▶ **WHAT IS REQUIRED**: From the first line to the last, copy the material exactly and leave the pictures out.

▶ **INFORMATION SUPPLIED**:
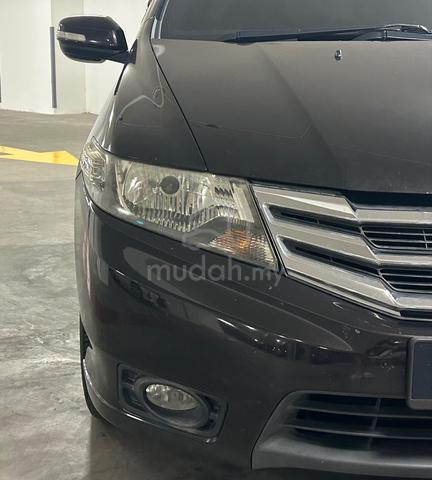 Honda CITY 1.5 E GM2 FACELIFT (A) 2013 - 5
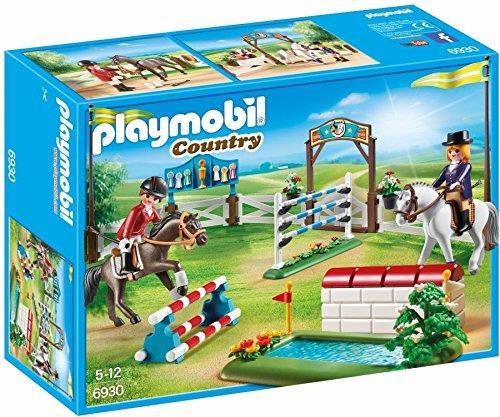 playmobil maneggio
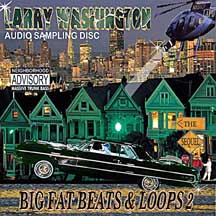 CD - Big Fat Beats & Loops 2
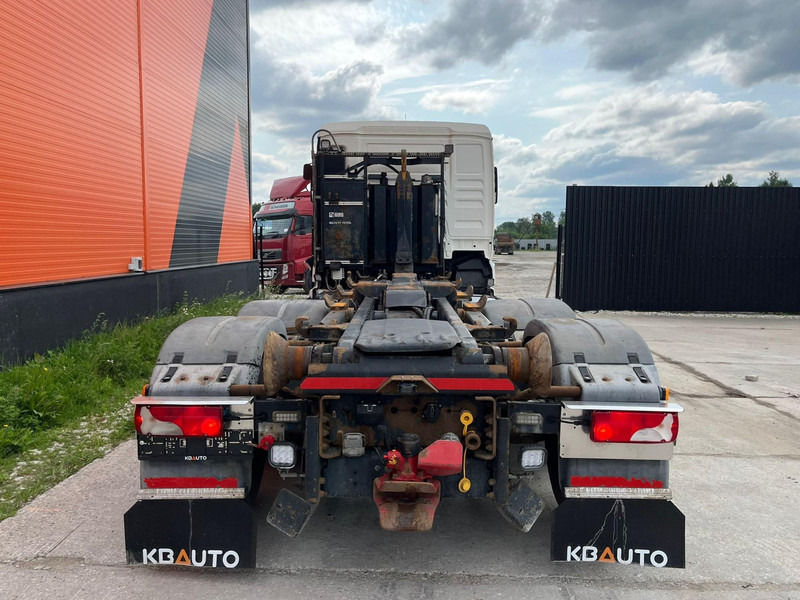 Hákový nosič kontejnerů MAN TGX 26.480 6X2 / HIAB L20 TON / L= 5300mm: obrázek 7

▶ **ANSWER BOX**:
 Honda CITY 1.5 E GM2 FACELIFT (A) 2013 - 5
 playmobil maneggio
 CD - Big Fat Beats & Loops 2
 Hákový nosič kontejnerů MAN TGX 26.480 6X2 / HIAB L20 TON / L= 5300mm: obrázek 7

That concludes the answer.